I am talking about this because of deceitfulness, resource efficiency, societal implications of technology.

replies(1): >>43648414 #
7. simonw ◴[] No.43648414{6}[source]
"That is the premise of LLM-as-AI" - I assumed that was an AGI reference. My definition of AGI is pretty much "hyped AI". What did you mean by "LLM-as-AI"?

In my own writing I don't even use the term "AI" very often because its meaning is so vague.

You're right to call me out on this: I did, in this earlier comment - https://news.ycombinator.com/item?id=43644662#43647037 - commit the sin of responding to something you hadn't actually said.

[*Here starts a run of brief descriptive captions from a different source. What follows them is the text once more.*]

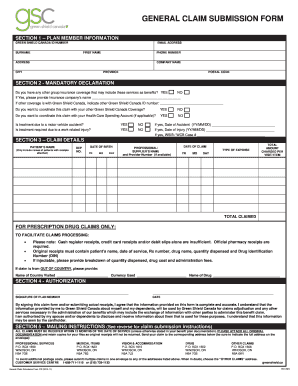 Green Shield Canada General Claim Submission Form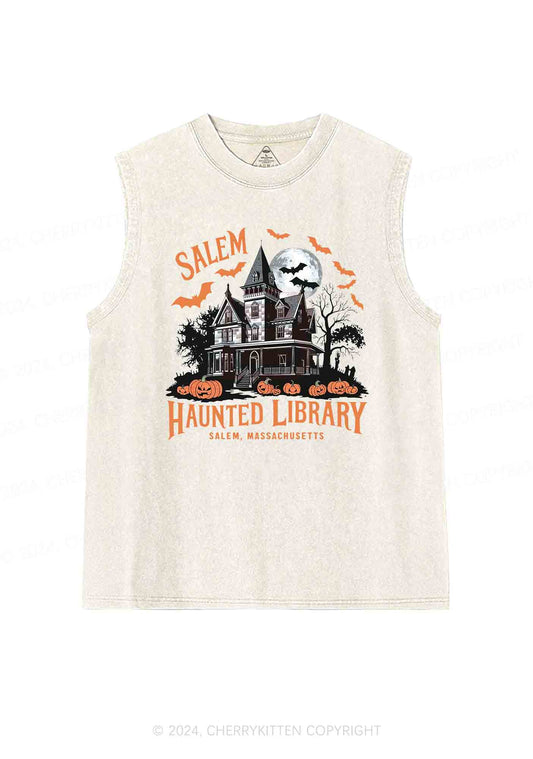 Halloween Haunted Library Y2K Washed Tank Cherrykitten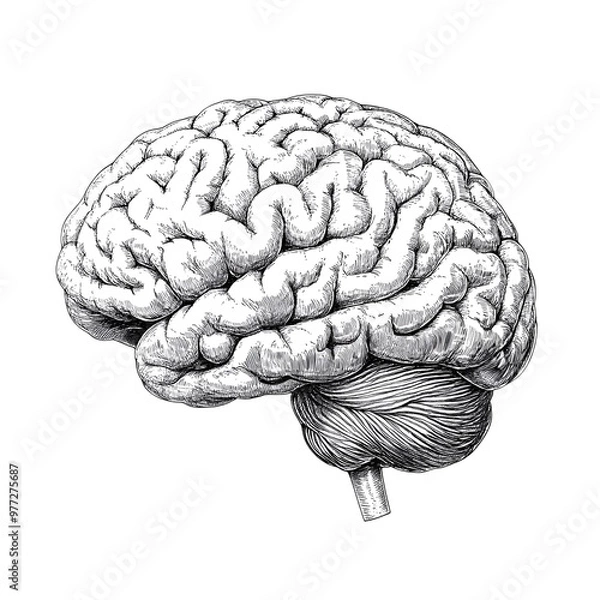 Fototapeta Vintage Black and White Illustration of a Human Brain Isolated on White Background, Cutout, Isolated on White Background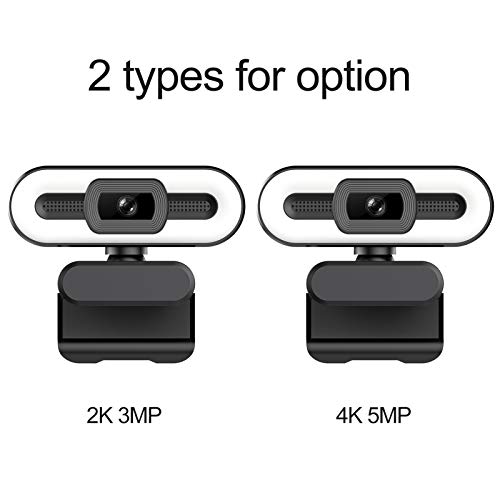 Webcam,mewmewcat Webcam,Webcam 4K USB Plug and Play com iluminação de microfone embutida para ensino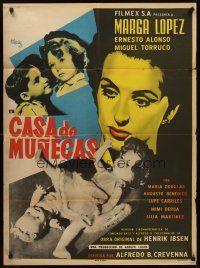 8d042 DOLL'S HOUSE Mexican poster '54 Henrik Ibsen's play, art of Marga Lopez by Josep Renau!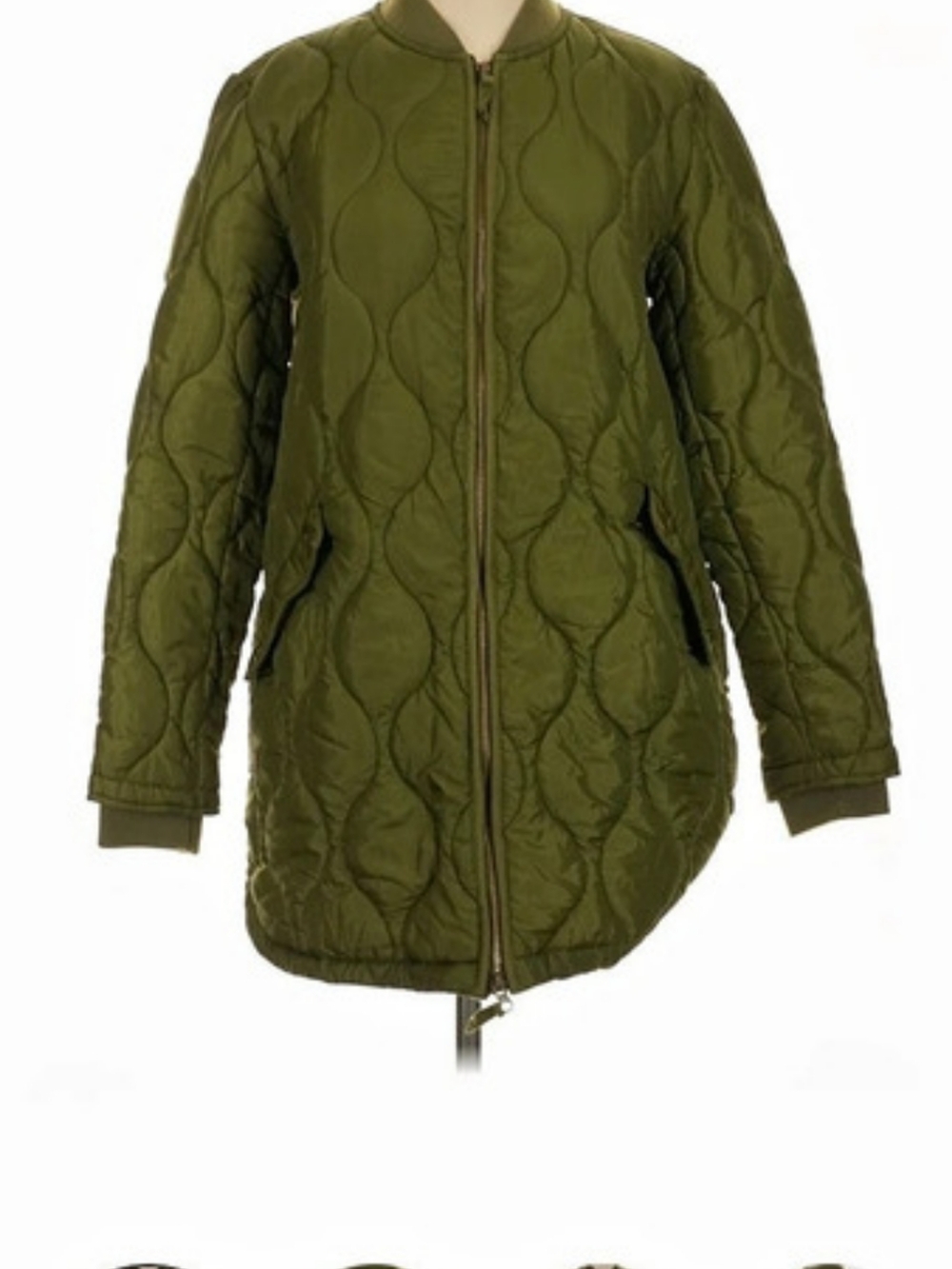 Avec Les Filles Drawstring Waist Quilted Jacket Green Small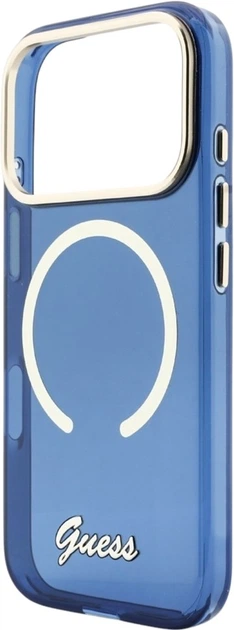 Etui Guess IML Script Metal MagSafe do Apple iPhone 17 Pro Blue (GUHMP17L5HTCSMSB) - obraz 6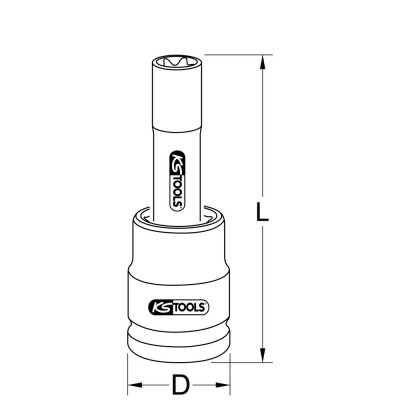 Douille À Chocs Pour Culasse Torx® 3/4'', L.140 mm - E20 - Sur Carte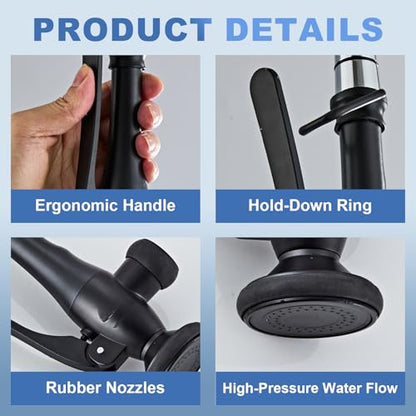 Pull Down Kitchen Faucet Replacement Head, Spray Head with Stream & Spray Functions, High-Pressure Anti-Clog Nozzle, Easy Install, Matte Black, Fits Most Kitchen Faucets - color: Commercial Style Spray Head - Matte Black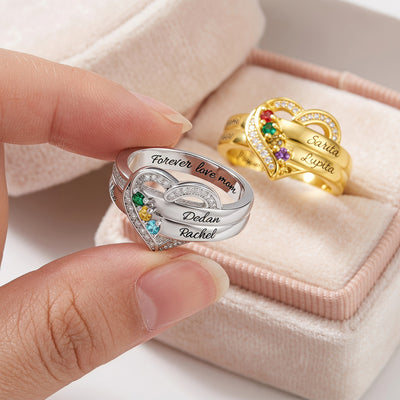 Personalized Heart Birthstone Ring 1-8 Birthstones and Name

(Worse than that, I said "... is uninformed in my opinion" which was rude because I was saying that about a strawman argument.)

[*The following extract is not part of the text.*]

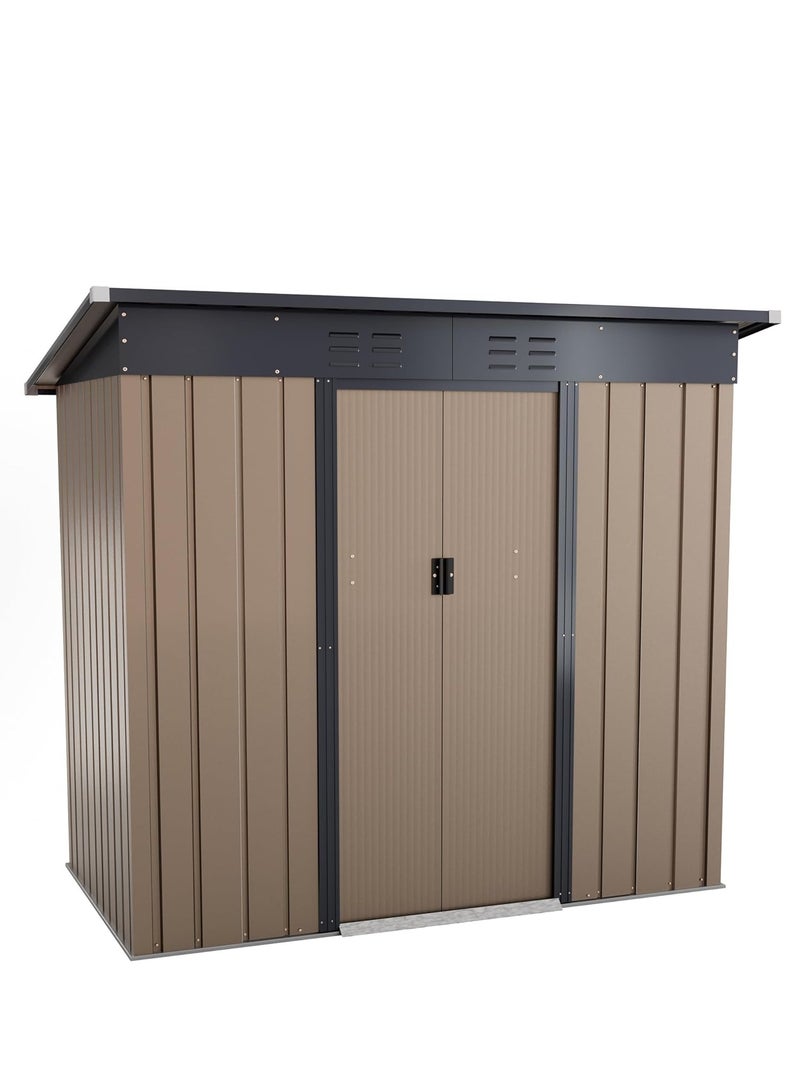 Egardenkart, Outdoor Storage Shed Metal - Tan, 6.5x6 Ft | Garden Shed with Lockable Door | Outdoor Storage Cabinet for Garden Storage | Outdoor Shed Storage (With Installation) - Image 1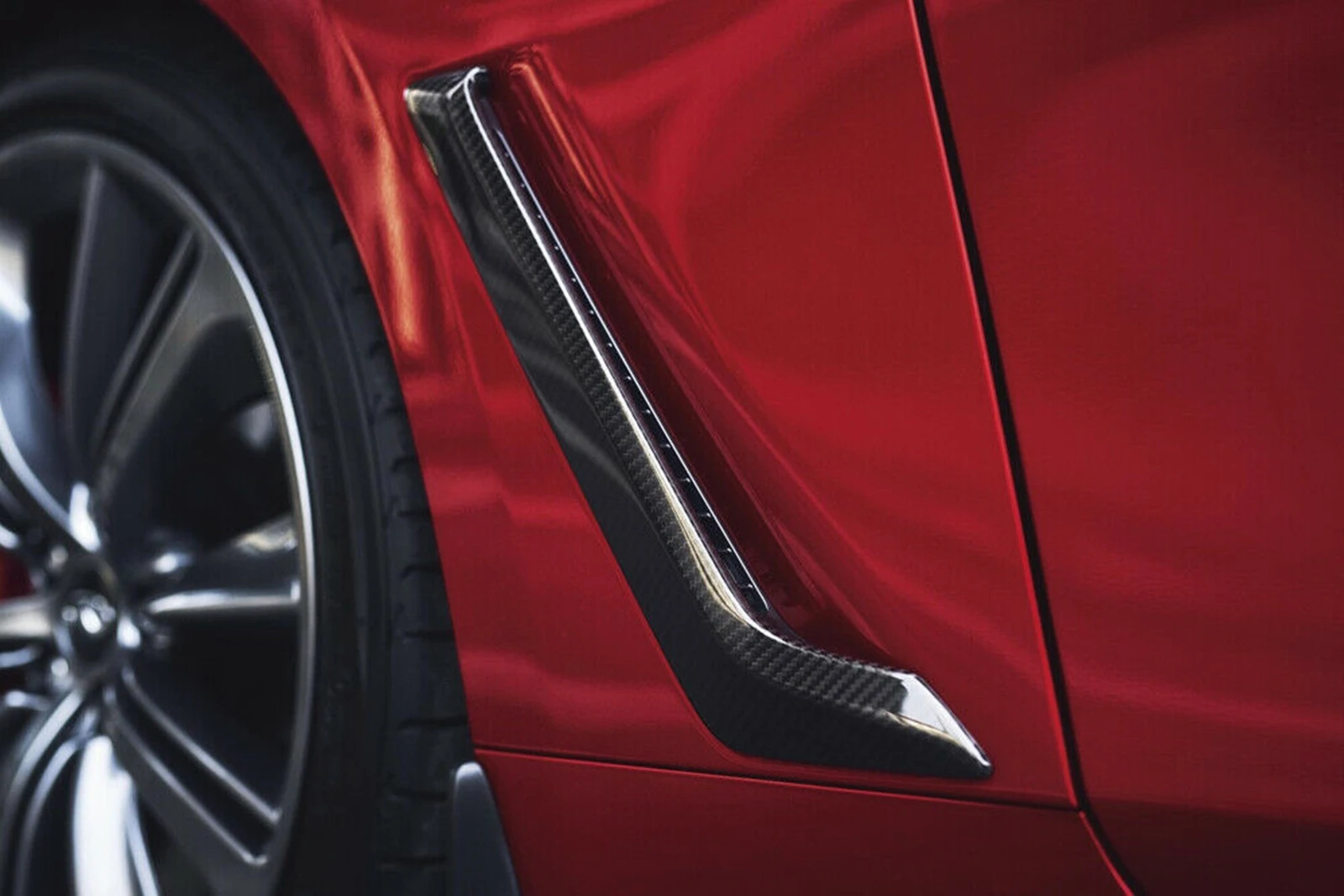 Для Infiniti Q60 Q60S 2015 2016 2017 2018 2019 2020 2021 2022 крыло из углеродного волокна, боковая отделка вентиляционного отверстия, впускной спойлер переднего колеса (art.: 3920cf989f586) - 3920cf989f586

I did that thing where I saw an excuse to bang on one of my pet peeves (people saying "LLMs can't create new code if it's not already in their training data") and jumped at the opportunity.

I've tried to continue the rest of the conversation in good faith though. I'm sorry if it didn't come across that way.

replies(1): >>43651778 #
8. fergal_reid ◴[] No.43648989{4}[source]
You are correct that variable results could be a symptom of a failure to generalise well beyond the training set.

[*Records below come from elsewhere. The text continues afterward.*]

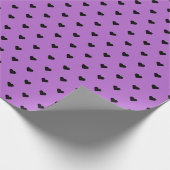 Papier Cadeau Coeurs noirs sur pourpre | Papier d'enrobage perso (Coin)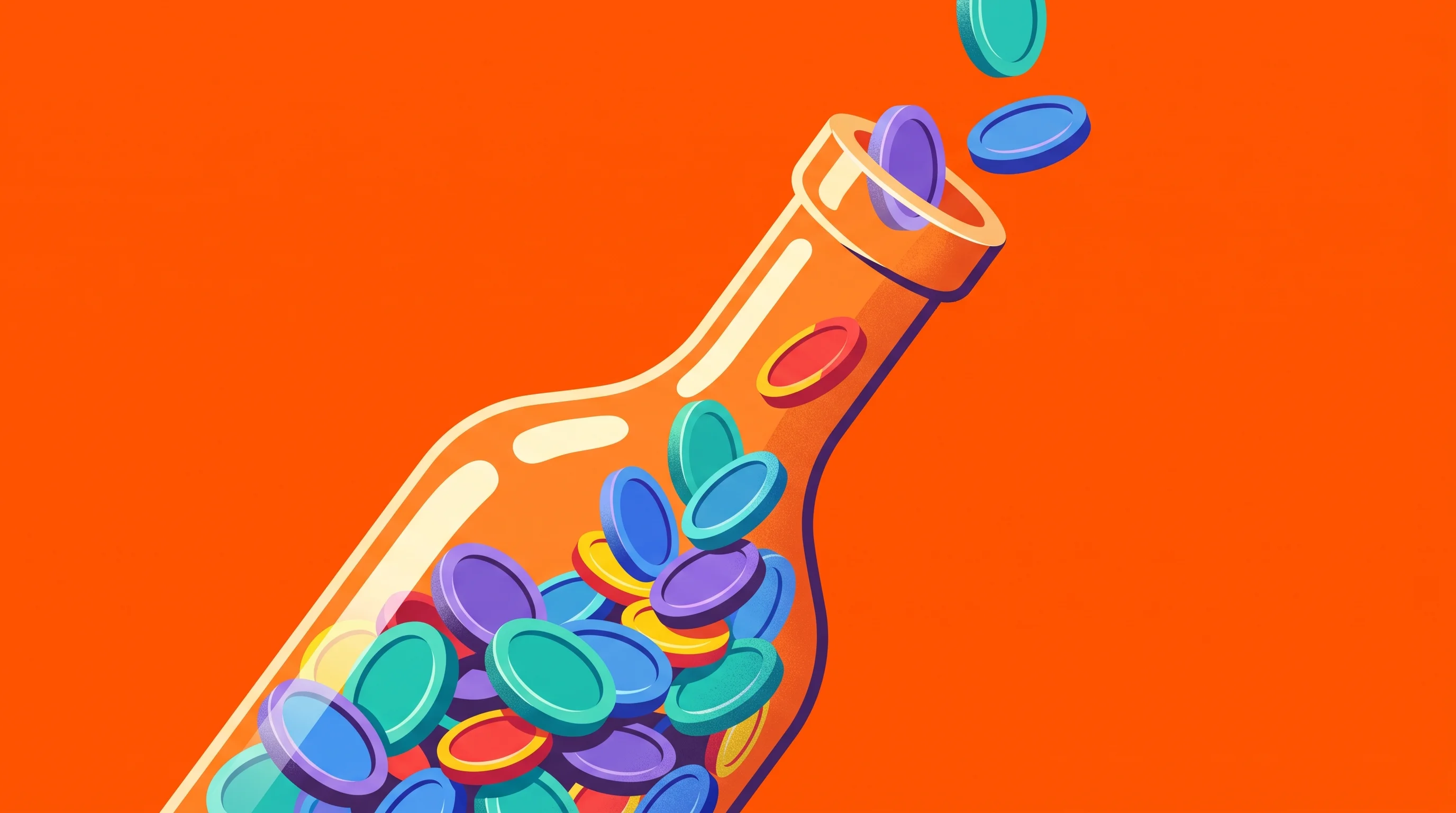 Digital illustration for article section "Content Section 4" in "Multiliquid raises $8M to solve tokenized asset liquidity" - A conceptual, modern illustration depicting a stylized glass bottle with a narrow neck to visually r...
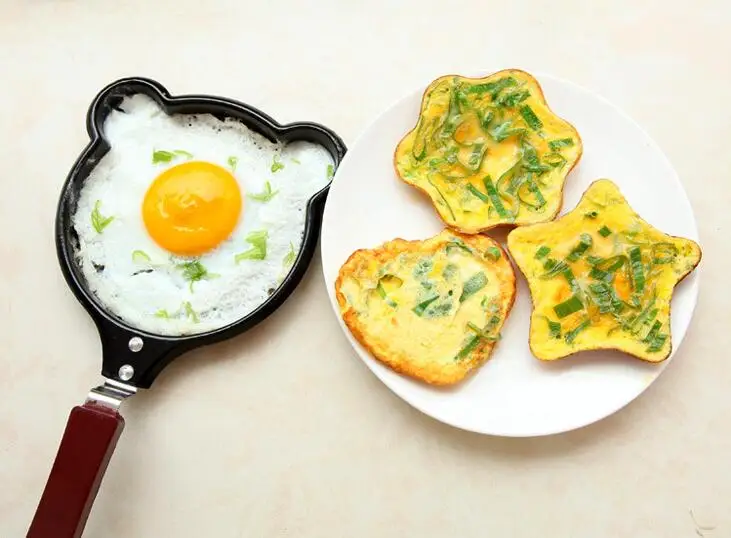 

Hot Breakfast Fried Eggs Molds Cartoon Heart Star Bear Flower Shaped Molds Pan For Fried Eggs Mini Pancake Egg Pan Kitchen Tools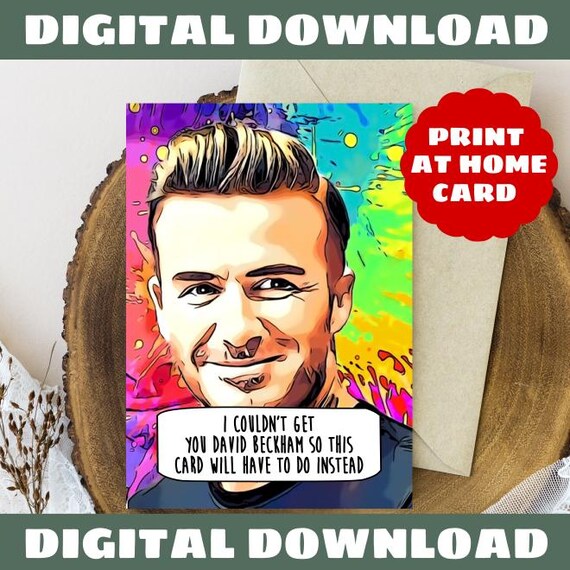 DavidBeckham  デビッドベッカム　ravencard デビッド・ベッカムの誕生日カード、面白い誕生日カード、デジタル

Such failure could happen if the models were overfit, or for other reasons. I don't think 'overfit', which is pretty well defined, is exactly the word you mean to use here.

However, I respectfully disagree with your claim. I think they are generalising well beyond the training dataset (though not as far beyond as say a good programmer would - at least not yet). I further think they are learning semantically.

Can't prove it in a comment except to say that there's simply no way they'd be able to successfully manipulate such large pieces of code, using English language instructions, it they weren't great at generalisation and ok at understanding semantics.

replies(1): >>43651066 #
9. namaria ◴[] No.43651066{5}[source]
I understand your position. But I think you're underestimating just how much training data is used and how much information can be encoded in hundreds of billions of parameters.

But this is the crux of the disagreement. I think the models overfit to the training data hence the fluctuating behavior. And you think they show generalization and semantic understanding. Which yeah they apparently do. But the failure modes in my opinion show that they don't and would be explained by overfitting.

10. mdp2021 ◴[] No.43651778{7}[source]
> My definition of AGI is pretty much

Simon, intelligence exists (and unintelligence exists). When you write «I'm not claiming LLMs can invent new computer science», you imply intelligence exists.

We can implement it. And it is somehow urgent, because intelligence is very desirable wealth - there is definite scarcity. It is even more urgent after the recent hype has made some people perversely confused about the idea of intelligence.

We can and must go well beyond the current state.

11. anon373839 ◴[] No.43676009[source]
I’ve spent a fair amount of time trying to coax assistance out of LLMs when trying to design novel or custom neural network architectures. They are sometimes helpful with narrow aspects of this. But more often, they disregard key requirements in favor of the common patterns they were trained on.